> _How to complete this task_
When you reach the line that contains "AUDI A3 SLINE", begin copying exactly, and continue through the last line of the data; no pictures belong in the copy.

> _Short web captions_
----------------

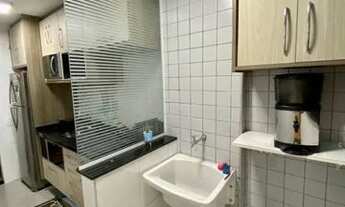 Imagem 7: Apartamento para venda com 50 metros quadrados com 2 quartos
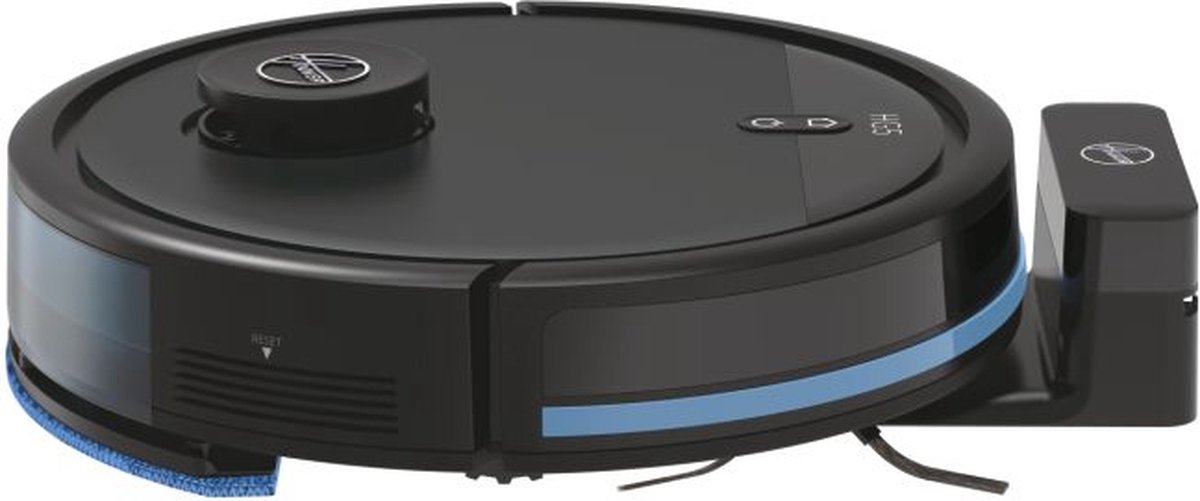 Hoover HG530H 011 Zakloze Stofzuiger Grijs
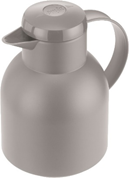 Emsa Samba Quick Press Isolierkanne 1 L 12h heiß, 24h kalt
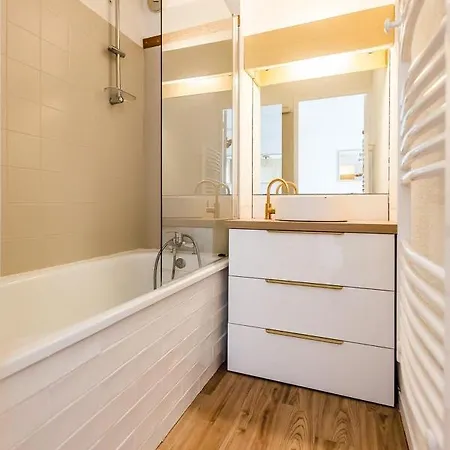 Appartamento Appartement Les Arcs Ski aux pieds à Vallandry
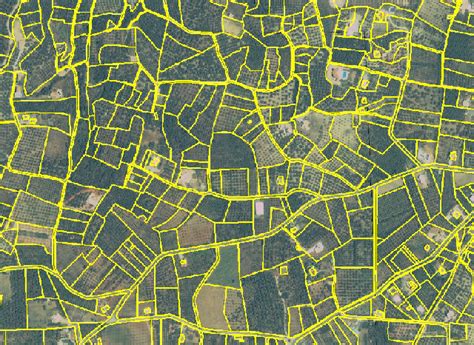 الإستشعار عن بعد ونظم المعلومات الجغرافية فى الزراعة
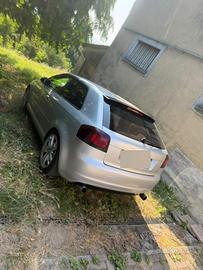 AUDI A3 SLINE
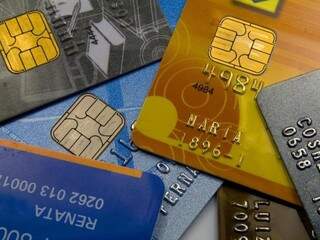 Principal fonte de endividamento continua sendo o cartão de crédito (Foto/Arquivo)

----------------

> _Exercise answer_
 AUDI A3 SLINE
 Principal fonte de endividamento continua sendo o cartão de crédito (Foto/Arquivo)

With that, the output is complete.